Monday, July 13, 2009

Benedict: Charity Depends on Justice

Mark Shea excerpts from the new papal encyclical Caritas in Veritate:
Charity goes beyond justice, because to love is to give, to offer what is “mine” to the other; but it never lacks justice, which prompts us to give the other what is “his”, what is due to him by reason of his being or his acting. I cannot “give” what is mine to the other, without first giving him what pertains to him in justice. If we love others with charity, then first of all we are just towards them. Not only is justice not extraneous to charity, not only is it not an alternative or parallel path to charity: justice is inseparable from charity[1], and intrinsic to it. Justice is the primary way of charity or, in Paul VI's words, “the minimum measure” of it[2], an integral part of the love “in deed and in truth” (1 Jn 3:18), to which Saint John exhorts us. On the one hand, charity demands justice: recognition and respect for the legitimate rights of individuals and peoples. It strives to build the earthly city according to law and justice. On the other hand, charity transcends justice and completes it in the logic of giving and forgiving[3]. The earthly city is promoted not merely by relationships of rights and duties, but to an even greater and more fundamental extent by relationships of gratuitousness, mercy and communion. Charity always manifests God's love in human relationships as well, it gives theological and salvific value to all commitment for justice in the world.
The fascinating thing about this passage is that he captures perfectly the promise and the problem of Ayn Rand's philosophy. The reason why her work is so attractive to so many is her clear eyed perception of the tendency towards injustice in the modern world to the great and the good. We live in an age characterized by the instinct described by Screwtape of the dictator flicking the tops off of grass which stands above the rest, discouraging genius and greatness in the name of central planning. She was in full rebellion against the Communist move to falsely level the playing field, to prevent any man from becoming rich in the name of justice, when wealth can be the just reward for skill and labor.

But she sought merely justice, strict justice, justice absent charity or mercy. She failed to make the leap to the second half of the equation, or to understand, as John Zmirak pointed out in his piece commenting on the encyclical, that all human beings inherit vast quantities of gratuitous, unearned social capital such as language, technical knowledge, and so forth. She remains a powerfully attractive force by means of those truths she saw so clearly and articulated so forcefully in a time which mirrors much of the decay she described in Atlas Shrugged, but she failed to understand man. She didn't know mercy, or care for the weaker and less fortunate--though her characters are usually better than her philosophy, and her philosophy better than its practitioners. She had half the insight of the Pope. She knew the necessity of justice, but failed to see that it acts as the foundation of charity.

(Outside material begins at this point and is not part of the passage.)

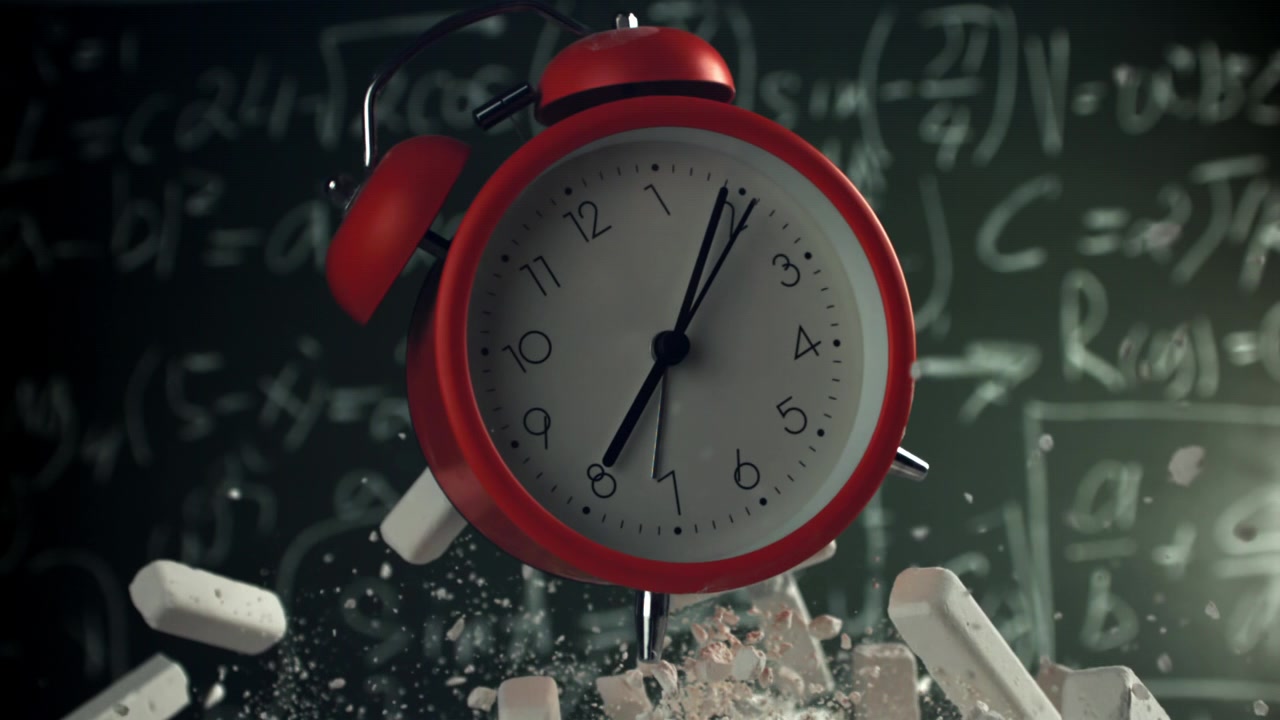Red Alarm Clock and Floating Chalk Against a Mathematical Blackboard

Once the great and the good of society are granted the basic, elemental charity of just pay for excellent, superlative work, then due to the life, skill, and the cultural riches transmitted from ages past which come as gift, the excellent of society have an obligation to "give back" a little in return for what they have received. Scripture even suggests that such a gift ought to be proportional when it states that "Those to whom much is given, much will be expected."

The next step is not looting in the name of altruism, but rather a recognition of the fundamental dignity of all human beings deriving from their common humanity. That dignity lays obligations upon others to respect human rights and freedoms, to love their neighbor as themself. Further, we are all part of a common human family, and so stand in a relationship of love and care to the rest of humankind. When we fail to recognize this relationship, we sin.